━━━━━ Records for this task

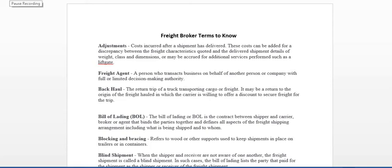All righty, so today we're going to talk about freight brokerage terms to know, just different words that you should know when brokering freight or that may be used in the freight broker industry.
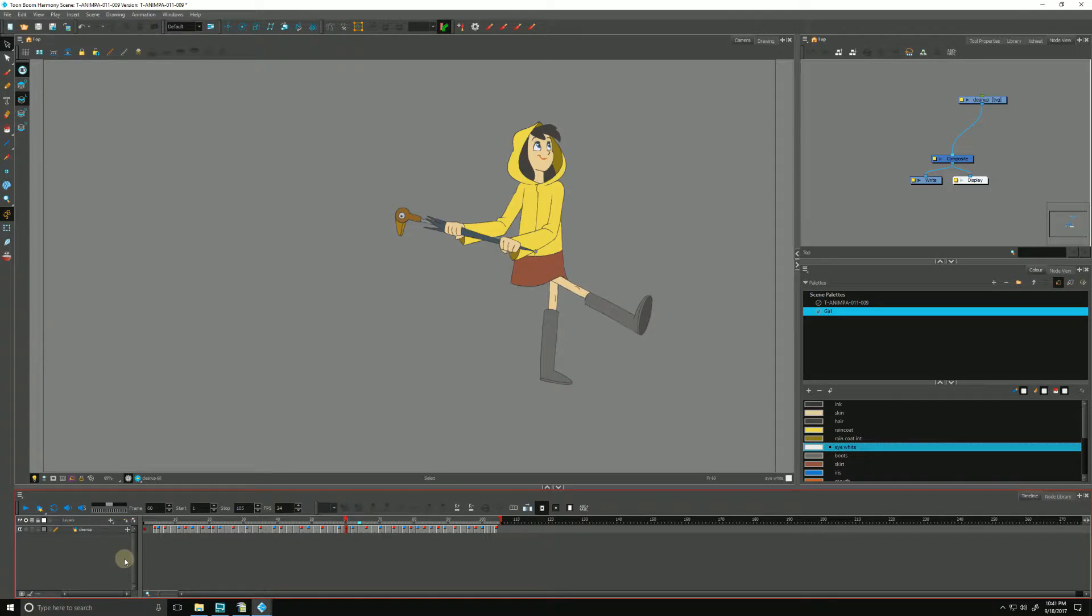Now that our animation is cleaned up and colored, we can use the backlight in Harmony to verify that our zones have been colored.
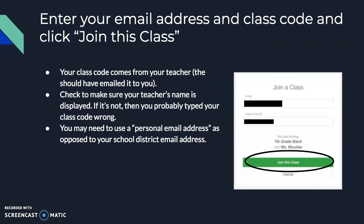Another note: you may need to use a personal email address. In our school district, students are not allowed to receive emails from outside sources. So if Smart Music were to email an activation code to you, you wouldn't receive it. If your district is like that, make sure you use a personal email address for this step.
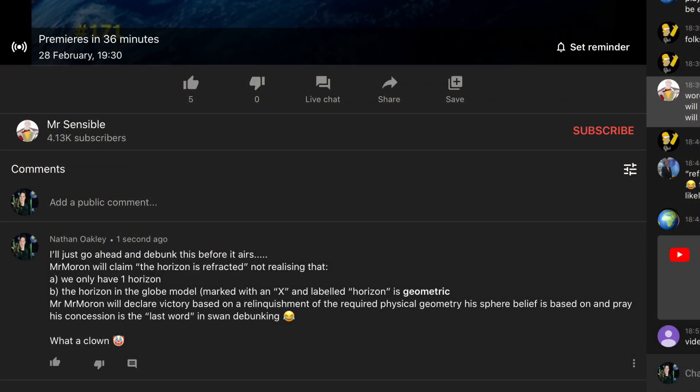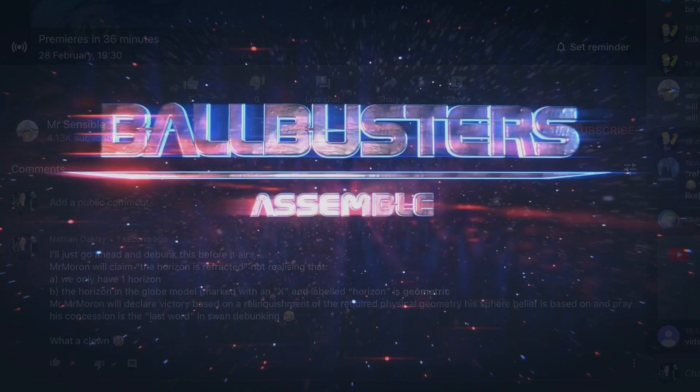I'll just go ahead and debunk this video before it airs. Mr Moron will claim the horizon is refracted, not realizing that: a) we only have one horizon, and b) the horizon in the globe model, marked with an X and labelled 'horizon', is geometric. Mr Moron will declare victory based on his relinquishment of the required physical geometry his sphere belief is based on, and pray his concession is the last word in swan debunking. What a clown.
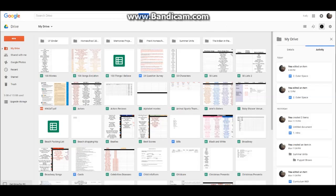But today I'm going to teach you how to organize your homeschool through Google Drive. First off, you definitely need to have a Gmail address. Get yourself one. It's really easy to make. And just open up Google Drive.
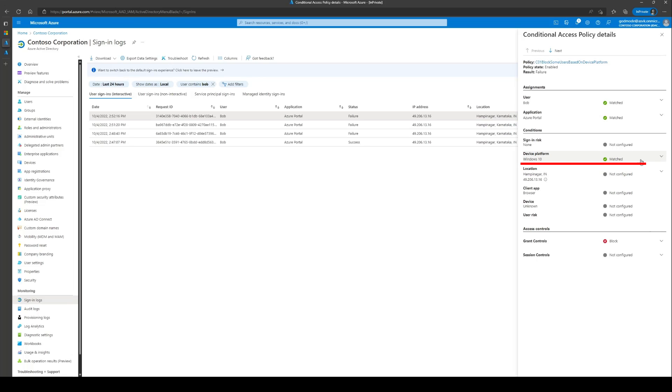As mentioned earlier, you can evaluate if this block was intended and if not, make the necessary changes to the CA policies as per your internal requirements.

━━━━━━━━━━

**Aim of the task**
Write out all the entries word for word, but skip any images.

**Output of the exercise**
All righty, so today we're going to talk about freight brokerage terms to know, just different words that you should know when brokering freight or that may be used in the freight broker industry.
Now that our animation is cleaned up and colored, we can use the backlight in Harmony to verify that our zones have been colored.
Another note: you may need to use a personal email address. In our school district, students are not allowed to receive emails from outside sources. So if Smart Music were to email an activation code to you, you wouldn't receive it. If your district is like that, make sure you use a personal email address for this step.
I'll just go ahead and debunk this video before it airs. Mr Moron will claim the horizon is refracted, not realizing that: a) we only have one horizon, and b) the horizon in the globe model, marked with an X and labelled 'horizon', is geometric. Mr Moron will declare victory based on his relinquishment of the required physical geometry his sphere belief is based on, and pray his concession is the last word in swan debunking. What a clown.
But today I'm going to teach you how to organize your homeschool through Google Drive. First off, you definitely need to have a Gmail address. Get yourself one. It's really easy to make. And just open up Google Drive.
As mentioned earlier, you can evaluate if this block was intended and if not, make the necessary changes to the CA policies as per your internal requirements.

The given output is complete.